I'm not to worried since I only post my face in private chats

he's also a shill


----------



## DeformAspergerCel (Mar 13, 2019)

gay


----------



## Extra Chromosome (Mar 13, 2019)

If true then...


*WHAT A FILTHY FAGGOT ACTING LIKE A BITCH ON HER PERIOD. 

THE MODS HAVE HIS IP. THIS CUCK BETTER NOT MAKE ANY MOVE OR HE IS FUCKED.*


----------



## Deleted member 1139 (Mar 13, 2019)

"they all rejected me"


----------



## dogtown (Mar 13, 2019)

Fuark it’s ogre


----------



## Alexanderr (Mar 13, 2019)

How is Astro 22, yet acts 13 year old Xbox player?


----------



## TRUE_CEL (Mar 13, 2019)

@AstroSky I like you buddy boyo. If you didn't have Chad-lite halo, I would have disliked you and called you a faggot tbh ngl ded srs.


----------



## DeformAspergerCel (Mar 13, 2019)

Extra Chromosome said:


> If true then...
> 
> 
> *WHAT A FILTHY FAGGOT ACTING LIKE A BITCH ON HER PERIOD.
> ...


can't ddos his social life bro


----------



## Extra Chromosome (Mar 13, 2019)

DeformAspergerCel said:


> can't ddos his social life bro


If he got offended easily by being called a Jew then it's over for him.


----------



## Sizzurp (Mar 13, 2019)




----------



## kobecel (Mar 13, 2019)

Lifefuel good looking guys here
they can statusmaxx


----------



## Deleted member 206 (Mar 13, 2019)

TRUE_CEL said:


> @AstroSky I like you buddy boyo.
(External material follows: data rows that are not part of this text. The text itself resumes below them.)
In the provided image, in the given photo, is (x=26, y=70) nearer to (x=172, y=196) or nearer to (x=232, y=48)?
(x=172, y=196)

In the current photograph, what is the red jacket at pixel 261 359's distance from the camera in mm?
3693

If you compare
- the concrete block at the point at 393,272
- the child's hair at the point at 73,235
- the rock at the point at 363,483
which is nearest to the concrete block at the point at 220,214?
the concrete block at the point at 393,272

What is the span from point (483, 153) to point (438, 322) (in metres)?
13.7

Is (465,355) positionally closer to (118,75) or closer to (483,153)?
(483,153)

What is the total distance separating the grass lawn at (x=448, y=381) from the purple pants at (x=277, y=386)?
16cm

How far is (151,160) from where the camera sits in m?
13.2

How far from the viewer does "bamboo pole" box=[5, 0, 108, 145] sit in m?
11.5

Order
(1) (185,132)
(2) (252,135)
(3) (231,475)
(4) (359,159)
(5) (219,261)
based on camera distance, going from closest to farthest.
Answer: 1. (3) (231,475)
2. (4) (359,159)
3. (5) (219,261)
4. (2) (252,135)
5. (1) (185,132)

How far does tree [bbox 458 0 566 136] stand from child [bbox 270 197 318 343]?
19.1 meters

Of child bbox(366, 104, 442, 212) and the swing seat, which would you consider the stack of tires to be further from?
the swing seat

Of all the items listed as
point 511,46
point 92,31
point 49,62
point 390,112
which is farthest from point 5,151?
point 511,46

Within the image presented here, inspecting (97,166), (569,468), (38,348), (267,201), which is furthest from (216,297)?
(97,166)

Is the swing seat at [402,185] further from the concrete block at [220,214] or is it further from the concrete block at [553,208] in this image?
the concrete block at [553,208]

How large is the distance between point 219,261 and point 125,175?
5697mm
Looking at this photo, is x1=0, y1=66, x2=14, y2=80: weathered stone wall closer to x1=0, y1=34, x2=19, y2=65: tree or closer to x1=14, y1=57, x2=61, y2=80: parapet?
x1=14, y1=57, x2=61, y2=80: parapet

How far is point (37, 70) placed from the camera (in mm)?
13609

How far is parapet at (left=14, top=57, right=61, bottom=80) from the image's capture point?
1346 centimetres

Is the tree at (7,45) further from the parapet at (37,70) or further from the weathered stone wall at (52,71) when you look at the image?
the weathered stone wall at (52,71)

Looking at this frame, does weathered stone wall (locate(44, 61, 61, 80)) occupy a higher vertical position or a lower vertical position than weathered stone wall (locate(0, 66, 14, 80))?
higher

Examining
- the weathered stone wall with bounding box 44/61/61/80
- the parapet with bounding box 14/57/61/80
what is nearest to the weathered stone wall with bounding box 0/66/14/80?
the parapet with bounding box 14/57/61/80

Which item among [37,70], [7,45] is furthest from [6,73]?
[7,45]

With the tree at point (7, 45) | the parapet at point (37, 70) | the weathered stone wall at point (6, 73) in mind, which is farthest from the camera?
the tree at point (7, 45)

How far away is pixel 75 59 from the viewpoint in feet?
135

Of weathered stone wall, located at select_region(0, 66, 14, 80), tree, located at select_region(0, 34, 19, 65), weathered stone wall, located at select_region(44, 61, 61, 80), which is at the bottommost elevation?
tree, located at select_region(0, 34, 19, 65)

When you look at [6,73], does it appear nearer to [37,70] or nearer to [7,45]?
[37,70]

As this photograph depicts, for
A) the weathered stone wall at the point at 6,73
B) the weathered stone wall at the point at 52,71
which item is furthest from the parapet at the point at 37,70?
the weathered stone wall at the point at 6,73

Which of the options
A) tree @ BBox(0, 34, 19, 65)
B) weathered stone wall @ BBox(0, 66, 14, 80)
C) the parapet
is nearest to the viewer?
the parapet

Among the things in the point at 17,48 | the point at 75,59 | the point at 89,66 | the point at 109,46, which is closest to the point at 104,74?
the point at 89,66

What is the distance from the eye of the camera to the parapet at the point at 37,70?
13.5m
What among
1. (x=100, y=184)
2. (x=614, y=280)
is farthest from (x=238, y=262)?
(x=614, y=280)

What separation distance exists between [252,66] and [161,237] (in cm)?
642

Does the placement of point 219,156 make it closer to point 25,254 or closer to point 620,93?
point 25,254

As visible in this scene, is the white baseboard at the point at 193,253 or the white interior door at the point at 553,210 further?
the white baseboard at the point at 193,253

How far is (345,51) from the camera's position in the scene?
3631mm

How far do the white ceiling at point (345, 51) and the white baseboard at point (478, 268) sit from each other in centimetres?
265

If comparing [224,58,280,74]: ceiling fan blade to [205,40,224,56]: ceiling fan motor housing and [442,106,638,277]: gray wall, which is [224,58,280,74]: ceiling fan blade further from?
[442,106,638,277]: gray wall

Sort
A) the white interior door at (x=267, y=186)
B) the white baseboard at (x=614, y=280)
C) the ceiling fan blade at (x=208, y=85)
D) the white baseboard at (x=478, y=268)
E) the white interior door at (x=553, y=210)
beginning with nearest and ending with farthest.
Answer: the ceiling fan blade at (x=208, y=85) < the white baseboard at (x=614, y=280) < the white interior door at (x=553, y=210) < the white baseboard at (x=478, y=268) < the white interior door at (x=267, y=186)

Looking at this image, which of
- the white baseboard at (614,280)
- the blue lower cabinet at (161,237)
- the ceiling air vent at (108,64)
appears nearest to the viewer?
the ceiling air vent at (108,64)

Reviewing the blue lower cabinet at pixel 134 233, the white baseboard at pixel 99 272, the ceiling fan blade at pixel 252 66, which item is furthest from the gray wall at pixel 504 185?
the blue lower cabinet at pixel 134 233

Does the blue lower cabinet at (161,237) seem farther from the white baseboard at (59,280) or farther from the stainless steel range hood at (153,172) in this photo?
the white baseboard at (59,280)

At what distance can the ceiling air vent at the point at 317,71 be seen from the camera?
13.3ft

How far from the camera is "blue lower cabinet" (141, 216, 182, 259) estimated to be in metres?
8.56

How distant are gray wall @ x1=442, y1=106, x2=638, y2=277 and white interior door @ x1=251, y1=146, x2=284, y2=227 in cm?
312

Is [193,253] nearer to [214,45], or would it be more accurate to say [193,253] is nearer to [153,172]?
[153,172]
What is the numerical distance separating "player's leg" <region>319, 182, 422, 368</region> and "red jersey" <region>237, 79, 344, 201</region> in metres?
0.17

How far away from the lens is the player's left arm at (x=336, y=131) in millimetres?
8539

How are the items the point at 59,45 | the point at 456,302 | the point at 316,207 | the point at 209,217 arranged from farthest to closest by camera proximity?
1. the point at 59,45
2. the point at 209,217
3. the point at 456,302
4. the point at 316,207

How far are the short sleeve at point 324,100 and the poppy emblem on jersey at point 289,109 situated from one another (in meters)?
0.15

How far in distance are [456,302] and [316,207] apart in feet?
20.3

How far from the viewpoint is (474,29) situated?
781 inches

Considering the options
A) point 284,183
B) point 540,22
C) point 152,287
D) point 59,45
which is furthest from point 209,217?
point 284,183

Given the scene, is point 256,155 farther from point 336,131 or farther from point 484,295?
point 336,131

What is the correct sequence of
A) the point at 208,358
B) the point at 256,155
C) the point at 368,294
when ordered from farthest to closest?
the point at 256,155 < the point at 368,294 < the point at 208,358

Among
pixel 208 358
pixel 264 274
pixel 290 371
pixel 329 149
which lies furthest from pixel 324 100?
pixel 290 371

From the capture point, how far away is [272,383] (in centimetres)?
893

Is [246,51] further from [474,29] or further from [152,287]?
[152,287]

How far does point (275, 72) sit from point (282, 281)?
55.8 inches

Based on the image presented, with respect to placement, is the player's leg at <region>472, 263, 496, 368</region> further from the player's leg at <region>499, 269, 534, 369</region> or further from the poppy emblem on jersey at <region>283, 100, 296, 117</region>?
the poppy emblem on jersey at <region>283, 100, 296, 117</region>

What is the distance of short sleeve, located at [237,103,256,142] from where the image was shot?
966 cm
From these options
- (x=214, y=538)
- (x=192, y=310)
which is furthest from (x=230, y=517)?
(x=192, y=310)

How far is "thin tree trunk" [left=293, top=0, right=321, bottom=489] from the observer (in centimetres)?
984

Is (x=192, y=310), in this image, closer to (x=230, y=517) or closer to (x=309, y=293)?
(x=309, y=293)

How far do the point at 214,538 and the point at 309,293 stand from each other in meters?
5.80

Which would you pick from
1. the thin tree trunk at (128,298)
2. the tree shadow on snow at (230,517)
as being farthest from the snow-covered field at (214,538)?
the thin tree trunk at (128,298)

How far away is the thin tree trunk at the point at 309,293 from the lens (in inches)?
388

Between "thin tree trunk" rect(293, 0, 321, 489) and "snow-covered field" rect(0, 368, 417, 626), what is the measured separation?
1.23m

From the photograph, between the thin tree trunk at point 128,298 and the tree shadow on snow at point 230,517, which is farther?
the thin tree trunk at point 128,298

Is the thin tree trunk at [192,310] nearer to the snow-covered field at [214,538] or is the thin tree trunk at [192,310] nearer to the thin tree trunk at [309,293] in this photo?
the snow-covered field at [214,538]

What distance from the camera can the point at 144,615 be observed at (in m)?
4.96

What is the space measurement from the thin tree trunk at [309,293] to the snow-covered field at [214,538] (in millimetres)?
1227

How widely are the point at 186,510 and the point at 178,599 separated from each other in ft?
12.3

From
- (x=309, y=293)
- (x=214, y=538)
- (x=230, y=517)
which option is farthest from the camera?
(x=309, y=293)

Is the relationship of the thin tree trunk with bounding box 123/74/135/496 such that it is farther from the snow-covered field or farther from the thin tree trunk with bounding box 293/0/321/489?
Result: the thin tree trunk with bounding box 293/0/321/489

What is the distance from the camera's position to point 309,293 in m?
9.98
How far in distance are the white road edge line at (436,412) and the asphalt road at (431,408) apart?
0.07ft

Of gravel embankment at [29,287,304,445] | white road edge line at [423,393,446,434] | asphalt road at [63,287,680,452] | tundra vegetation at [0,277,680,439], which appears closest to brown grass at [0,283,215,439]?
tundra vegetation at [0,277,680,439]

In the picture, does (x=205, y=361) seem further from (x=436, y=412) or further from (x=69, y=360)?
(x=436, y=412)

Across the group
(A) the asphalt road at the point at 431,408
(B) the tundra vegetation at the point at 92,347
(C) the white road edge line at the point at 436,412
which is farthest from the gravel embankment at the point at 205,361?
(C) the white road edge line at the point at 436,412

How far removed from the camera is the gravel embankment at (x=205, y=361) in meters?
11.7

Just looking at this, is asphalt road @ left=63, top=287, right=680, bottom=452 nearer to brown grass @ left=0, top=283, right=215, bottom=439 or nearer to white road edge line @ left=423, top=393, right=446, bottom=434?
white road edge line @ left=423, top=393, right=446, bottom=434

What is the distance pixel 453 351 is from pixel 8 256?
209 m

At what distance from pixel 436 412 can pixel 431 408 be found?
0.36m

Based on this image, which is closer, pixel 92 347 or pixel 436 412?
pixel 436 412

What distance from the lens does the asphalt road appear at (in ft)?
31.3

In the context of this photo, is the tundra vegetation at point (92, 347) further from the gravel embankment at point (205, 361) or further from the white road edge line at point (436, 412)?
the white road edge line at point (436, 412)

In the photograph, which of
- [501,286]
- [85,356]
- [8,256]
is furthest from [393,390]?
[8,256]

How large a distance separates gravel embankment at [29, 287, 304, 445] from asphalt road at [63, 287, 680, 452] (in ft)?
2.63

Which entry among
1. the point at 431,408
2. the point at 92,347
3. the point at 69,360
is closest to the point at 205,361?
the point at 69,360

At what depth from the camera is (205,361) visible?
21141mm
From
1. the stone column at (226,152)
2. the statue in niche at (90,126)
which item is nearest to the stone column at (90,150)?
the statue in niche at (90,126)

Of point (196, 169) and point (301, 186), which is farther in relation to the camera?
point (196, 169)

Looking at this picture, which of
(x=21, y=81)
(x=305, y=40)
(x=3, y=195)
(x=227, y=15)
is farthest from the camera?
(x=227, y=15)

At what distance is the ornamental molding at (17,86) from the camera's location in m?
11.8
If you didn't have Chad-lite halo, I would have disliked you and called you a faggot tbh ngl ded srs.


----------



## DarknLost (Mar 13, 2019)

mojopin said:


> So @AstroSky now has an MTV interview and is planning on doxing the site for spite:
> View attachment 29601
> 
> 
> He is Jesus and you are the *Jews* who have rejected him, now face his wrath for the end is nigh, normies shall infiltrate the site and you shall fall into the abyss of sites riddled with soyboy cucks.


@AstroSky


----------



## superighteous (Mar 13, 2019)

They will probably just cut his autistic ramblings about this site nobody has heard of or cares about from the interview jfl.


----------



## theropeking (Mar 13, 2019)

Kek if @AstroSky mentions the forum, I will make a daily thread about his extremely recessed chin. Nobody is gonna believe him that mewing works


----------



## Nibba (Mar 13, 2019)

@AstroSky Remember @dogtown and I still have screens of you saying you've fucked men, and that you want to sodomize him, a 16 year old boy.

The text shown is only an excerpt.